The Invincible Sword (1971)
The righteous Sung Dynasty general Yueh Fei is captured and imprisoned by the corrupt minister Chin Kuei, so a group of loyal swordsmen attempt to rescue him. The rescue attempt does not go well, and hero Ling finds himself wounded and alone. A family of performing acrobats find him and resuscitate him, then help him to reunite with his compatriots for another rescue attempt... which also goes quite badly. If only that family of acrobats had some skills that might be of use in a general-rescuing mission...

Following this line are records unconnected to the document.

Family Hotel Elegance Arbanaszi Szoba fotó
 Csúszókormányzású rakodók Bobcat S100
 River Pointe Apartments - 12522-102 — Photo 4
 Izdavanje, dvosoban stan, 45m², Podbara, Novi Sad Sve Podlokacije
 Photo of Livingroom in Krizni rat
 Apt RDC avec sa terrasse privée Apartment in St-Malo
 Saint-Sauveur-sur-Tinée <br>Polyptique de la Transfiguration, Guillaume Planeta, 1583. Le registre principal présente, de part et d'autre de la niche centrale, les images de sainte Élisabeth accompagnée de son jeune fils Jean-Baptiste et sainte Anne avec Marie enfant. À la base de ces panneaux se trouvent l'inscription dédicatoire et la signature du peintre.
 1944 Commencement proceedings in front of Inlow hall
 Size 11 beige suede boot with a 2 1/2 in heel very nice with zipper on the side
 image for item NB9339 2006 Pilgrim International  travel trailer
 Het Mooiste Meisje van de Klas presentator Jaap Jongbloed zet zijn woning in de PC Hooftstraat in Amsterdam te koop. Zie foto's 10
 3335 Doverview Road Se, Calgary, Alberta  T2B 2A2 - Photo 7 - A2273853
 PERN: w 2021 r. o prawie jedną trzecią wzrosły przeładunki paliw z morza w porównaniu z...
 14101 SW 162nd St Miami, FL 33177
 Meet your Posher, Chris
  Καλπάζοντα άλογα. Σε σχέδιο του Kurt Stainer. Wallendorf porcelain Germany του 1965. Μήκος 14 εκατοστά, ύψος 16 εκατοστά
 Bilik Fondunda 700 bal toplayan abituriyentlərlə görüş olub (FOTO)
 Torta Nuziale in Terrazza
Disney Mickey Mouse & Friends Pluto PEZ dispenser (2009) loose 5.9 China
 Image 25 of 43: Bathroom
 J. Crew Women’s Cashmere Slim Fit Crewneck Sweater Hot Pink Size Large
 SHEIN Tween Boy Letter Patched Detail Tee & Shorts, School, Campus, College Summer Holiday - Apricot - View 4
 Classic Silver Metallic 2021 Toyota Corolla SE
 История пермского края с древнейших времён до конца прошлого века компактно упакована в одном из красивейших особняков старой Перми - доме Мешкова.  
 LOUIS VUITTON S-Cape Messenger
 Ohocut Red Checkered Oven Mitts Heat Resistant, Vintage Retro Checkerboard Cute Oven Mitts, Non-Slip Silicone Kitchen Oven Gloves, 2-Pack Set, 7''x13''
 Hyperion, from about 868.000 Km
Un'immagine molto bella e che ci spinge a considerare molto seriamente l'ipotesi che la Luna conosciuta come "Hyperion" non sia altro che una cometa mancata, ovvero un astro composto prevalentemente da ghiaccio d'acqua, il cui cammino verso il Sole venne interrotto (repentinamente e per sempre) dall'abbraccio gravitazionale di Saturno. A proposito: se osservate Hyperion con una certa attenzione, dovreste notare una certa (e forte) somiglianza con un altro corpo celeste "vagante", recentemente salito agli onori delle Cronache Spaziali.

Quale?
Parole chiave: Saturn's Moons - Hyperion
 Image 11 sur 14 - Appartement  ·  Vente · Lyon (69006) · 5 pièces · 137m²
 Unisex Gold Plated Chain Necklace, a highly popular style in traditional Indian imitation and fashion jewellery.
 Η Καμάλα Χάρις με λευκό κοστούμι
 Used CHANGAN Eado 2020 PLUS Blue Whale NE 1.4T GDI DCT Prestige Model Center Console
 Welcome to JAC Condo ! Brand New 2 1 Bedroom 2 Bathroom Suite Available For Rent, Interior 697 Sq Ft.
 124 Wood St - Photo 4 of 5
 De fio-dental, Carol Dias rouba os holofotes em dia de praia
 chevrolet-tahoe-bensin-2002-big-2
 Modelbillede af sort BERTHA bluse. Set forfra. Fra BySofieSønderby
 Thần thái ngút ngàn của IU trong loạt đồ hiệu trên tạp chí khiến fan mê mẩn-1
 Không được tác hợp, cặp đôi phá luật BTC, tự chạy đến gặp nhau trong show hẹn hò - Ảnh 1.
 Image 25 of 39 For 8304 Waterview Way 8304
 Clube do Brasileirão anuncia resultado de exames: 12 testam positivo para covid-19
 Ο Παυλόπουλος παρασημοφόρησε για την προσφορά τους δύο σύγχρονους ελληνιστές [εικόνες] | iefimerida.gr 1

THE INVINCIBLE SWORD is yet another tale of noble heroes, treacherous villains and sassy tightrope walking sisters, as were so many films at the time. OK, admittedly the acrobatic family was not exactly a standard genre trope, but other than that the film is little different from countless others made in Hong Kong and Taiwan in the late 1960's and early 1970's. Director Hsu Tseng-Hung can't really be accused of being a "me too!" contributor to the genre, though, since his 1965 film Temple Of The Red Lotus was one of the films that started that particular wave.
Still, with so many similar films to compete with, THE INVINCIBLE SWORD needed a bit more than Hsu Feng on a tightrope to justify its existence, and I can't really find anything else in the film to draw attention to or that sets it apart. Jimmy Wang Yu spends most of the film looking constipated, as usual, but does manage to rack up a pretty impressive body count by the end credits... the vast majority are dispatched with fairly tepid 'I swing my sword in your general direction' action though, and much of the slaughter takes place in scenes that are so dark on the Joy Sales DVD (and probably the original print) that it's mainly due to the sound effects that you know people are being massacred.
The film's main draw is probably Hsu Feng. She is terribly cute, has the best dramatic scenes and the most interesting fights.
It's not a bad film... the story is reasonably interesting, the acting no worse than many other films in the genre, and the action at least plentiful. If there weren't a hundred other films it could probably trade scenes with without anybody noticing, it would probably merit more of a recommendation than I can bring myself to give it now.